Not a breath of life stirred. Not a blade of grass.

The darkness was gone, and so too was everything else.

You would destroy all life on Eos, merely to erase your own sin? If he could have shouted the words, he would have. Instead he sharpened his thoughts to a knife point and flung them at Bahamut.

It did no good. The blinding pain grew stronger by the second.

Regis stretched out, reaching for any shred of power that would allow him to break free, to sever the bond that held him bound to Bahamut. The other Astrals, perhaps—if they would stand against Bahamut, now was the time.

Before he could gather up the strings that tied him to Ramuh and Leviathan, however, another consciousness caught his—like a hand grasping his flailing arm.

A familiar voice drifted through his mind. Do you tire of this too-bright world? Long for a place to shut your eyes and block out the scorching goodness of it all? Well then I have just the thing!

Ardyn. He was manifest as a great seeping shadow—the black mist that accompanied both him and the daemons—and he wrapped around Regis, pressing in against the blinding pain of Bahamut's blade.

In contrast, Bahamut was an armored figure holding a blade of pure light against Regis' head. Thou hast allied thyself with the one true enemy. Thou art irredeemable, Regis Lucis Caelum. Thy throne and thy power fall instead to—

Yes, yes, we've heard it all before. Ardyn cut him off as darkness seeped up the blade, corrupting light with dark. Starscourge.

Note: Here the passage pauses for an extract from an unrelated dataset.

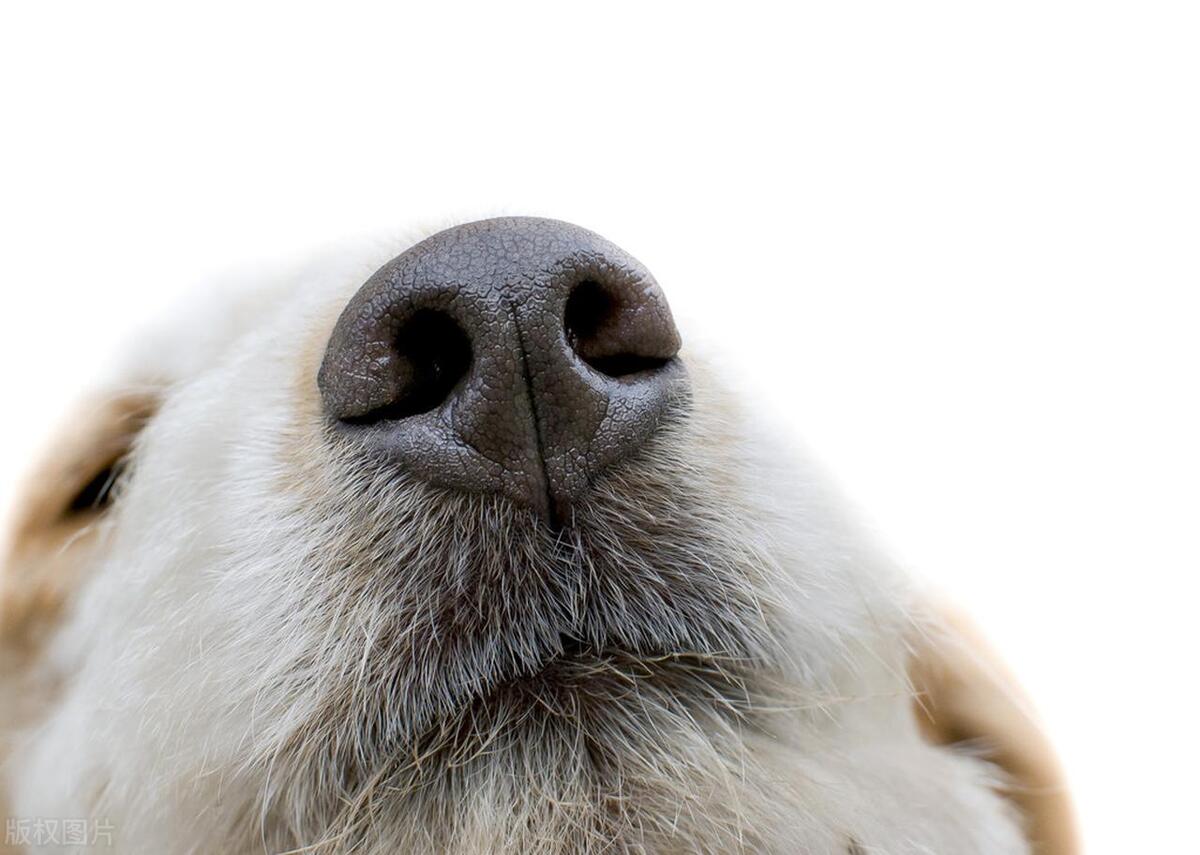 How to Buy a Healthy Dog: 3 Easy Tips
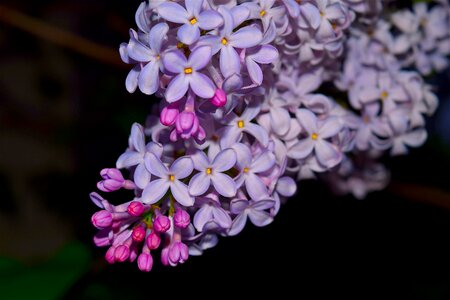 Purple floral bloom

The blackness crept up the blade, blotting out the light until Regis could see again. He could see the heart of the star—the crystal, and the ties that bound him to it. Through this, Bahamut had assaulted him. And through this, now, crept the Starscourge. Creeping, corrupting, darkening, and reaching for the Heart of Eos.

The bond snapped.

Without it, Regis tumbled into nothingness, adrift and lost in a world with no sensation and only one thought in his mind:

His magic was gone.

He, like his daughter, had been severed from the crystal. Deemed unfit to wear the crown and rule the kingdom.

Hands grasped him and heaved him onto solid ground. And Regis stood in the inky blackness of the In Between, staring at a pair of familiar shoes.

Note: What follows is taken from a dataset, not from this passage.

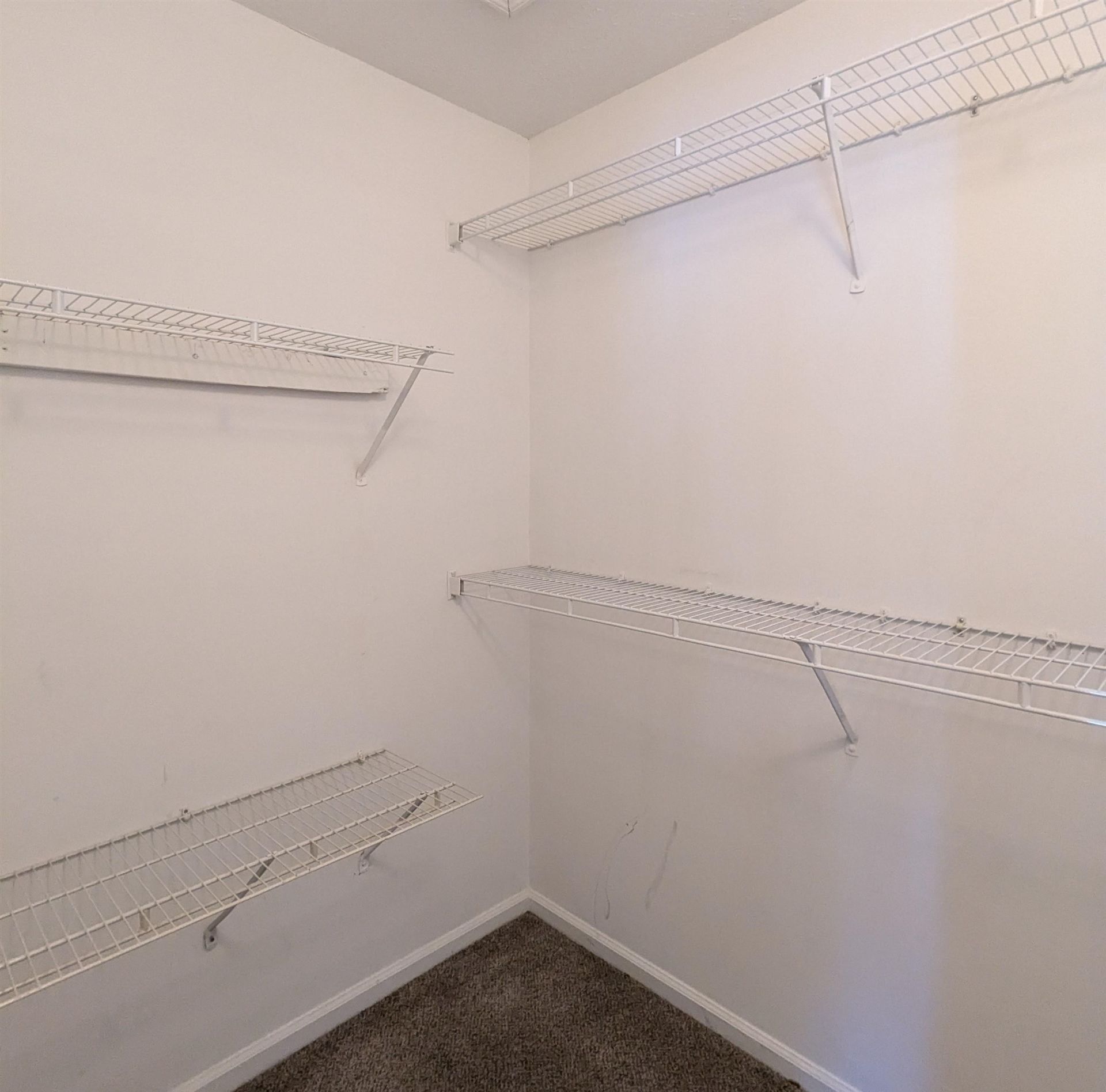 8031 Resin Rd. Photo 11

"Didn't I warn you?" Ardyn asked, with a tone that suggested a parent scolding a child for touching the hot stove. "Kill him before he kills you. And the rest of your kind."

"I cannot face him yet." If anything, this encounter was only proof of that.

Ardyn tsked. "More friends? Aren't I enough for you?"

"With friends like you…" Regis stopped himself from finishing the comment.

"I'm wounded," Ardyn said, and almost sounded it. "If you had wanted to collect Astrals, you should have let me know. I have one already."

And without bothering to elaborate on that point, he turned on his heel and vanished into the darkness, leaving Regis to grope his way back to consciousness.